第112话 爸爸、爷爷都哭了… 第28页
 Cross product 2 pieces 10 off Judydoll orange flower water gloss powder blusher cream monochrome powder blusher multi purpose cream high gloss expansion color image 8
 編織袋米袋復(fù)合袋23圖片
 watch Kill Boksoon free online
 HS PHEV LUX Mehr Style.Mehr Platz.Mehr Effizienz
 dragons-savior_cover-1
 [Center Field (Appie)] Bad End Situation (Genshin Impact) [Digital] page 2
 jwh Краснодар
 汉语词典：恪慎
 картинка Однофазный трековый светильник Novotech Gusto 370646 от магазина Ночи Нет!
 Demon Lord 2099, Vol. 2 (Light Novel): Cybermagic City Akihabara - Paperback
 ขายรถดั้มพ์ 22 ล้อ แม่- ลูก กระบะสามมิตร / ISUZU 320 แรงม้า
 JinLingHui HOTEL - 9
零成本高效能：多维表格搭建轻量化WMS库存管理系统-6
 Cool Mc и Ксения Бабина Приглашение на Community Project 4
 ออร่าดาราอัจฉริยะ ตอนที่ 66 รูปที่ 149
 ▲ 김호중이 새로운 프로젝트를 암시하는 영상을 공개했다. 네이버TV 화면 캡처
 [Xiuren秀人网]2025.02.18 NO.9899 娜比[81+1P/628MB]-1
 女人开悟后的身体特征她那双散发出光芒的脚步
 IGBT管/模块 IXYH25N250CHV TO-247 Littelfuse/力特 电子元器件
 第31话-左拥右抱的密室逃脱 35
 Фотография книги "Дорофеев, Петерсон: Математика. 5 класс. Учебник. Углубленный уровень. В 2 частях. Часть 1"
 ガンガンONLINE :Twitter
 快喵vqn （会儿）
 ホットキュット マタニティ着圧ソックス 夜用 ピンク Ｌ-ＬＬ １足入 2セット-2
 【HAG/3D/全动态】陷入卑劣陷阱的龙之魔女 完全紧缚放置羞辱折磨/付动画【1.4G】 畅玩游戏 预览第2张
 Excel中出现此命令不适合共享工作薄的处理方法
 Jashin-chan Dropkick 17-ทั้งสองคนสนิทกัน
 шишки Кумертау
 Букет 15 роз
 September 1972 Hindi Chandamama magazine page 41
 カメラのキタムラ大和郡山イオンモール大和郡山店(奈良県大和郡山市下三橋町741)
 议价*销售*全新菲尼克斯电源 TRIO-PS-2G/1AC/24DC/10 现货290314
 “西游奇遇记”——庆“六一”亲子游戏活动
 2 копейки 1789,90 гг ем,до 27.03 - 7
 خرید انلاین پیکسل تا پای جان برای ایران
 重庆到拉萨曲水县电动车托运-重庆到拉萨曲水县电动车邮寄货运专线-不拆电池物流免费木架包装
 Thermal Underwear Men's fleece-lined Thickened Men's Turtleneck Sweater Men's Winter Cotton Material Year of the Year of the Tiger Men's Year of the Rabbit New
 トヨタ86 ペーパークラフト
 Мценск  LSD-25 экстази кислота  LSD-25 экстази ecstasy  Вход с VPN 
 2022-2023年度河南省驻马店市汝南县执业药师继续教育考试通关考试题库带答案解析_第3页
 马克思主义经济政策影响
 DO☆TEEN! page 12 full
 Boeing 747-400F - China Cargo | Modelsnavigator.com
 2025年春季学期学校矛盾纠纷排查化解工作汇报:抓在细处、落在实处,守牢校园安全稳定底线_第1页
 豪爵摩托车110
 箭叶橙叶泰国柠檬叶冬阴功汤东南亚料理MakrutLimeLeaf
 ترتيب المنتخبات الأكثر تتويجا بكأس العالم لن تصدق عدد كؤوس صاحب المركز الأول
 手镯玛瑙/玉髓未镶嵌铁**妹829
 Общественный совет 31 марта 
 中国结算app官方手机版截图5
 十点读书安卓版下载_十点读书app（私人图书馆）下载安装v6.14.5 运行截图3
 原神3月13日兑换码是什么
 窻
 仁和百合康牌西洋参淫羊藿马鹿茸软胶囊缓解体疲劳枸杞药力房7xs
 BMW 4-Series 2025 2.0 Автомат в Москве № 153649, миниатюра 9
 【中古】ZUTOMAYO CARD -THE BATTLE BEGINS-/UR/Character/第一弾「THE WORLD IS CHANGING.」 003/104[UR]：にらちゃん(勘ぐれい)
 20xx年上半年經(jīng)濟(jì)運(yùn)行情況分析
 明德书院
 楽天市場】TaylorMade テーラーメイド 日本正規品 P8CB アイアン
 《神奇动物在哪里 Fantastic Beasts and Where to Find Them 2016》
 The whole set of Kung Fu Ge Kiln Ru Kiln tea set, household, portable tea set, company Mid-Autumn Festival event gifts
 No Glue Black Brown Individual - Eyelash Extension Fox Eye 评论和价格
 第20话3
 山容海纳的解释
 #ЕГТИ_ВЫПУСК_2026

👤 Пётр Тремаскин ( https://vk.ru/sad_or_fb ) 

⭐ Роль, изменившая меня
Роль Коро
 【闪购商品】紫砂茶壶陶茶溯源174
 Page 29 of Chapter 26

=======

**TASK TO COMPLETE**
The lines above from the one containing "dragons-savior_cover-1" through the one containing "中国结算app官方手机版截图5" are to be set down exactly, and no others.

**REPLY**
 dragons-savior_cover-1
 [Center Field (Appie)] Bad End Situation (Genshin Impact) [Digital] page 2
 jwh Краснодар
 汉语词典：恪慎
 картинка Однофазный трековый светильник Novotech Gusto 370646 от магазина Ночи Нет!
 Demon Lord 2099, Vol. 2 (Light Novel): Cybermagic City Akihabara - Paperback
 ขายรถดั้มพ์ 22 ล้อ แม่- ลูก กระบะสามมิตร / ISUZU 320 แรงม้า
 JinLingHui HOTEL - 9
零成本高效能：多维表格搭建轻量化WMS库存管理系统-6
 Cool Mc и Ксения Бабина Приглашение на Community Project 4
 ออร่าดาราอัจฉริยะ ตอนที่ 66 รูปที่ 149
 ▲ 김호중이 새로운 프로젝트를 암시하는 영상을 공개했다. 네이버TV 화면 캡처
 [Xiuren秀人网]2025.02.18 NO.9899 娜比[81+1P/628MB]-1
 女人开悟后的身体特征她那双散发出光芒的脚步
 IGBT管/模块 IXYH25N250CHV TO-247 Littelfuse/力特 电子元器件
 第31话-左拥右抱的密室逃脱 35
 Фотография книги "Дорофеев, Петерсон: Математика. 5 класс. Учебник. Углубленный уровень. В 2 частях. Часть 1"
 ガンガンONLINE :Twitter
 快喵vqn （会儿）
 ホットキュット マタニティ着圧ソックス 夜用 ピンク Ｌ-ＬＬ １足入 2セット-2
 【HAG/3D/全动态】陷入卑劣陷阱的龙之魔女 完全紧缚放置羞辱折磨/付动画【1.4G】 畅玩游戏 预览第2张
 Excel中出现此命令不适合共享工作薄的处理方法
 Jashin-chan Dropkick 17-ทั้งสองคนสนิทกัน
 шишки Кумертау
 Букет 15 роз
 September 1972 Hindi Chandamama magazine page 41
 カメラのキタムラ大和郡山イオンモール大和郡山店(奈良県大和郡山市下三橋町741)
 议价*销售*全新菲尼克斯电源 TRIO-PS-2G/1AC/24DC/10 现货290314
 “西游奇遇记”——庆“六一”亲子游戏活动
 2 копейки 1789,90 гг ем,до 27.03 - 7
 خرید انلاین پیکسل تا پای جان برای ایران
 重庆到拉萨曲水县电动车托运-重庆到拉萨曲水县电动车邮寄货运专线-不拆电池物流免费木架包装
 Thermal Underwear Men's fleece-lined Thickened Men's Turtleneck Sweater Men's Winter Cotton Material Year of the Year of the Tiger Men's Year of the Rabbit New
 トヨタ86 ペーパークラフト
 Мценск  LSD-25 экстази кислота  LSD-25 экстази ecstasy  Вход с VPN 
 2022-2023年度河南省驻马店市汝南县执业药师继续教育考试通关考试题库带答案解析_第3页
 马克思主义经济政策影响
 DO☆TEEN! page 12 full
 Boeing 747-400F - China Cargo | Modelsnavigator.com
 2025年春季学期学校矛盾纠纷排查化解工作汇报:抓在细处、落在实处,守牢校园安全稳定底线_第1页
 豪爵摩托车110
 箭叶橙叶泰国柠檬叶冬阴功汤东南亚料理MakrutLimeLeaf
 ترتيب المنتخبات الأكثر تتويجا بكأس العالم لن تصدق عدد كؤوس صاحب المركز الأول
 手镯玛瑙/玉髓未镶嵌铁**妹829
 Общественный совет 31 марта 
 中国结算app官方手机版截图5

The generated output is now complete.